DATA FOR THIS TASK:
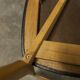 Pair of Scandinavian 1960 beech chairs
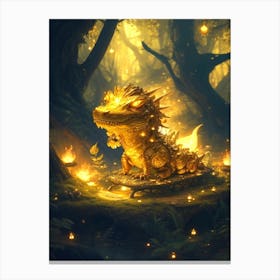 Golden Dragon Canvas Print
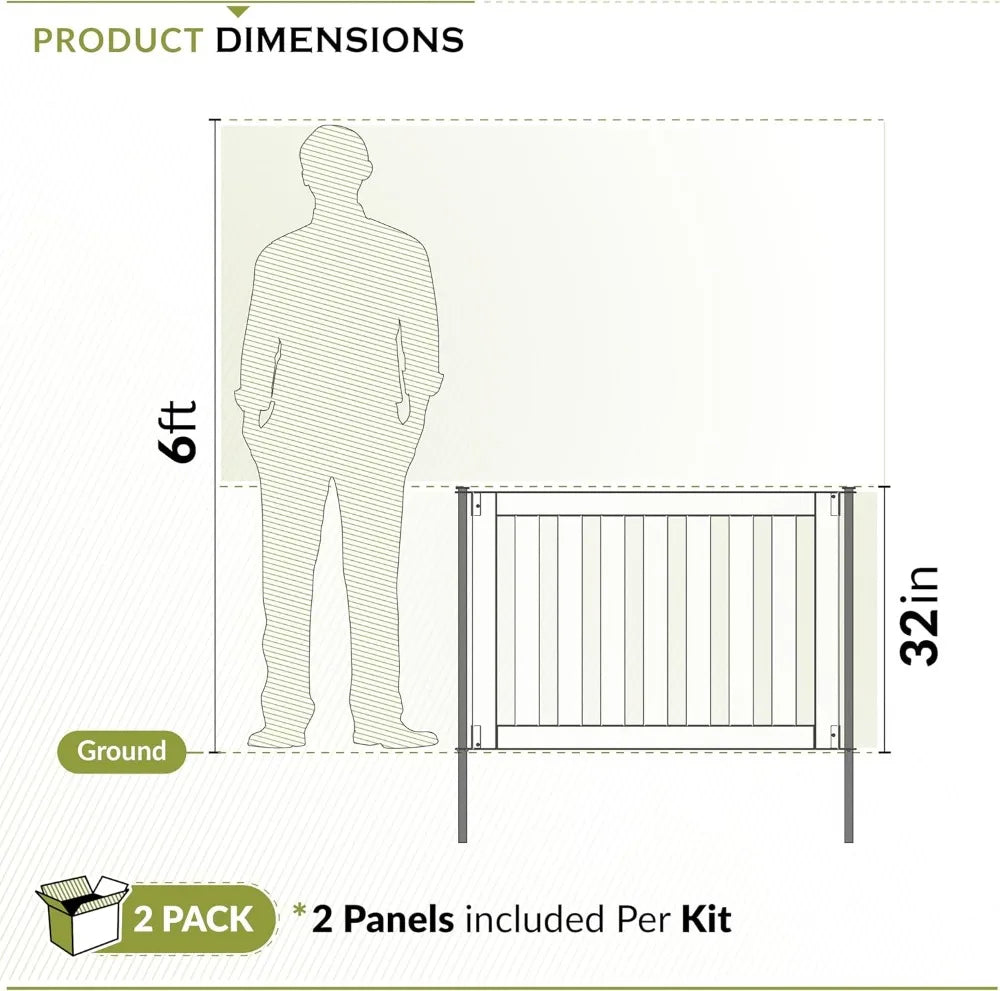 No Dig Wood Fence Kit For Dogs And Garden Border Panels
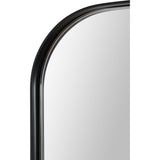 Glencoe Wall Mirror Matte Black By Renwil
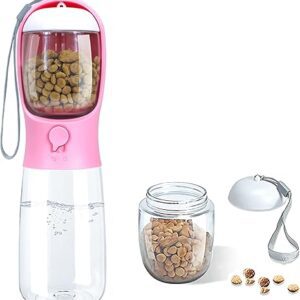 قمقمه پرتابل آب و غذا حیوانات خانگی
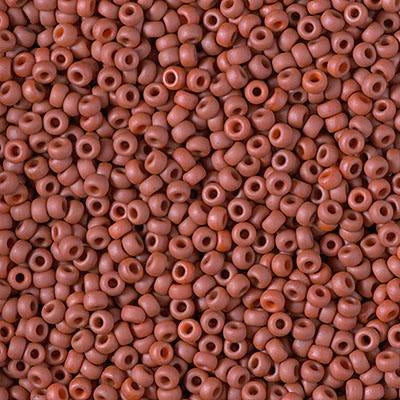 MIYUKI #11 Seed Bead - 11-1236 Matte Opaque Terracotta - 10 gms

ACTIVITY: All that is needed is an exact copy of the entries above, minus the pictures.

SOLUTION TO THIS EXERCISE:
 Pair of Scandinavian 1960 beech chairs
 Golden Dragon Canvas Print
 No Dig Wood Fence Kit For Dogs And Garden Border Panels
 Glencoe Wall Mirror Matte Black By Renwil
 قمقمه پرتابل آب و غذا حیوانات خانگی
 MIYUKI #11 Seed Bead - 11-1236 Matte Opaque Terracotta - 10 gms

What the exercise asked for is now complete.